Намек Цибульского понял не только Пинкевич. Вот что тогда произошло.
…В сыром и темном подвале было так тесно, что лишь на пятый или шестой день, когда большая часть узников погибла, с трудом можно было найти место, чтобы прилечь, и то ненадолго.
Каждый раз, когда открывали дверь, чтобы вынести мертвецов, охранник спрашивал:
— Скоро наконец вы все передохнете?
— Не скоро, — дерзко откликался один и тот же голос.
Отчаянная смелость вырвалась наружу, а страх человек затаил глубоко в себе.
Через день, в одно и то же время, им приносили порцию жидкой баланды и небольшую пайку хлеба, и обреченные узнавали, что теперь день, а не ночь и что миновало еще двое суток.
Однажды старший охранник сердито пробурчал:
— Ух, как вы нам все осточертели! Да вот все еще нет приказа покончить с вами. Так, может, хватит тянуть резину? Передушили бы друг друга — и баста!
И тот же голос, что отвечал «не скоро», отозвался из темноты:
— Не дождетесь!
Этого человека никто не избирал старшим. Большинство узников даже не знали его имени. Только Борису Цибульскому и Шлойме Лейтману он сказал, что его зовут Александр Печерский. В лагере для военнопленных, где они были до этого, его звали Сашко.
Нет, старшим он не был, но слушались его все.
Как только пленных загнали в подвал, кто-то отчетливо произнес:
— Мы еще должны быть благодарны немцам за то, что нас сразу не пристрелили…
Вот тогда-то впервые раздался властный голос Сашка:
— Послушай, ты! Тебя, кажется, Пинкевичем звать, заткнись, не то я сам займусь тобой.
Как-то раз Печерский предложил:
— Если мы будем так сидеть и дожидаться смерти, немудрено и свихнуться. Пусть лучше каждый расскажет что-нибудь, лишь бы время убить.
В подвале стало шумно. Охранник принялся стучать прикладом в дверь.
— Не шумите, — успокаивал людей Сашко. — Хочешь не хочешь, а надо взять себя в руки. Пусть надежда на то, чтобы выжить, невелика, но голову вешать не надо. Пора выходить из шокового состояния. Ну как, нет охотников? Тогда начну я…

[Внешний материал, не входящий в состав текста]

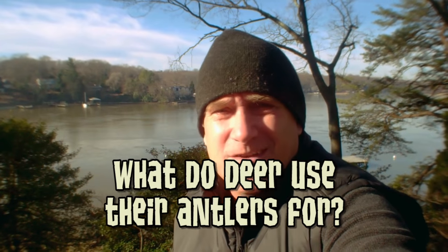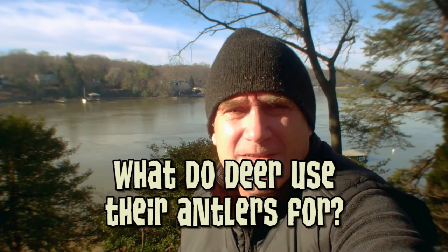Hey Jammers, here's a question from Infinity Icy Wolf: what in the world do deer use their antlers for? That's a cool question. A lot of people call antlers horns, but they're not horns at all — they're antlers.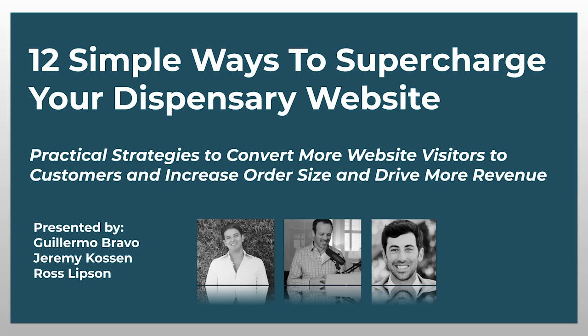All right, let's get this started. Welcome to today's workshop — 12 proven ways to supercharge your dispensary website to increase order size and drive more sales.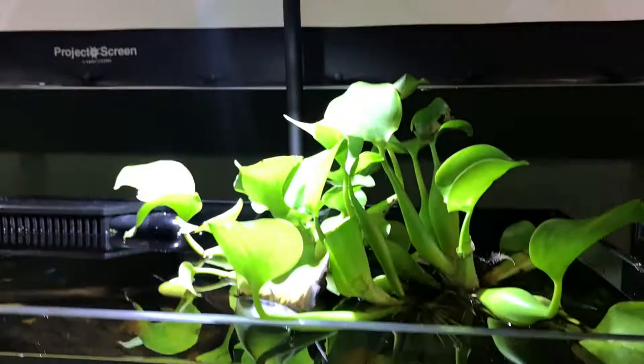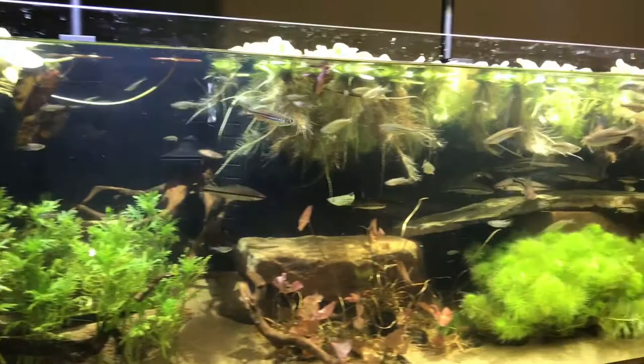Beautiful angels there, water hyacinth, and look at that activity — that's incredible. These guys are already starting to breed, they're already starting to mate, and that's just pure health right there.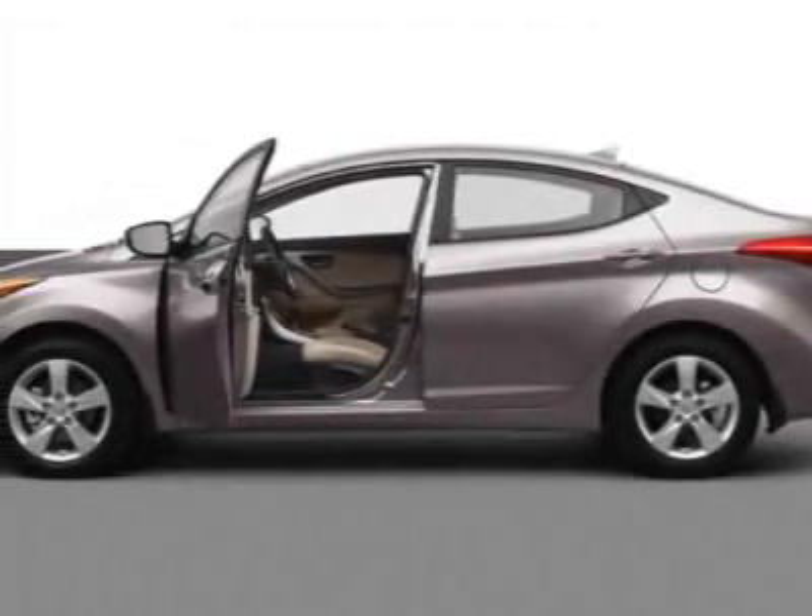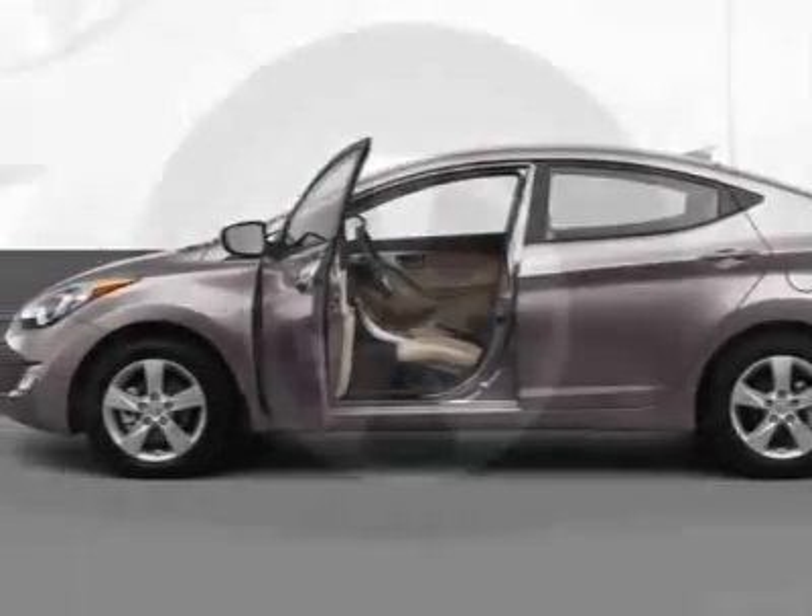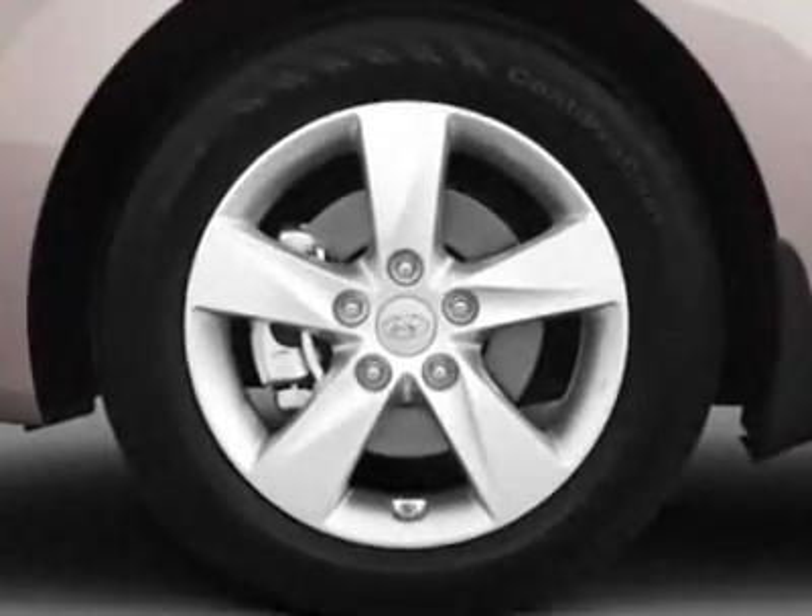Take a look at this new 2013 Hyundai Elantra. For your protection, this vehicle has a full factory warranty.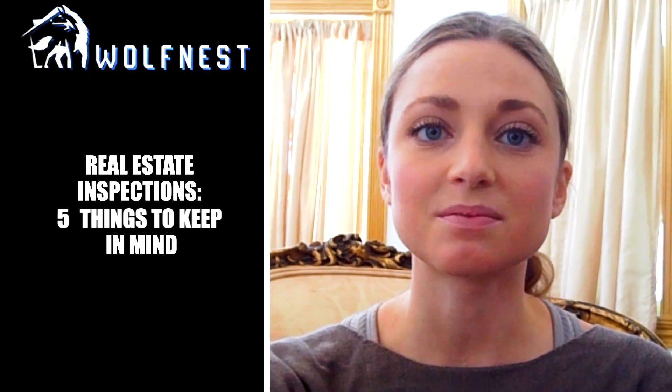Hi, Helena here from Wolfnest Property Management coming to you today with another tip on property management services. This week's topic is real estate inspections, five things to keep in mind. Real estate inspections are essential to maintaining a documented record of the property's condition before and after a tenant's occupancy.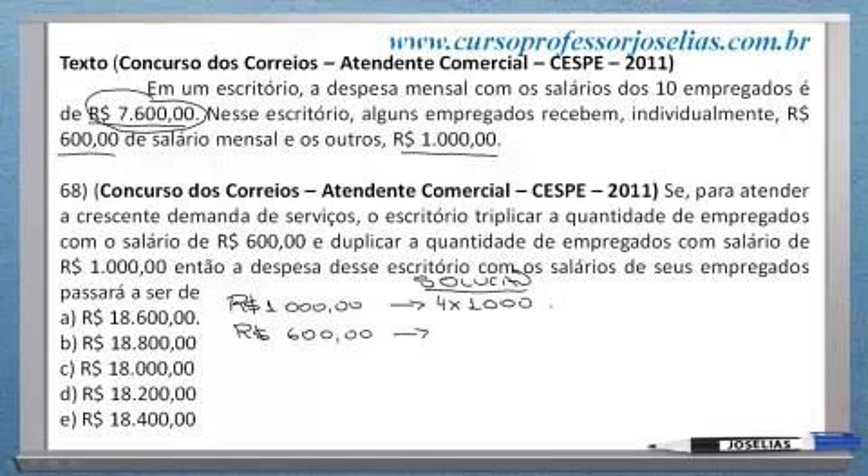Quatro funcionários, cada um ganhando R$ 1.000, daria exatamente R$ 4.000. Esse seria o total dos funcionários ganhando R$ 1.000. E para dar R$ 7.600, falta R$ 3.600. Então, você teria seis funcionários ganhando R$ 600, totalizando R$ 3.600. Somando, dá R$ 7.600. Portanto, são quatro funcionários que ganham R$ 1.000 e seis funcionários que ganham R$ 600.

О чем же рассказать людям? Было их здесь тридцать военнопленных. Сюда, в этот темный подвал — «Минский карцер», как они сами его именовали, или «юденкеллер» — «погреб для евреев», как его окрестили немцы, — всех их бросили на погибель. В августе сорок второго года из лагерей для советских военнопленных стали все чаще отбирать большие партии людей на принудительные работы в Германию. Перед отправкой всех снова тщательно обыскивали, осматривали, опасаясь, как бы ненароком в «фатерланд» не попал какой-нибудь случайно уцелевший еврей. Так выловили и этих тридцать человек, а до них — сотни, которых уже нет в живых.
Рассказ Александра Печерского был коротким.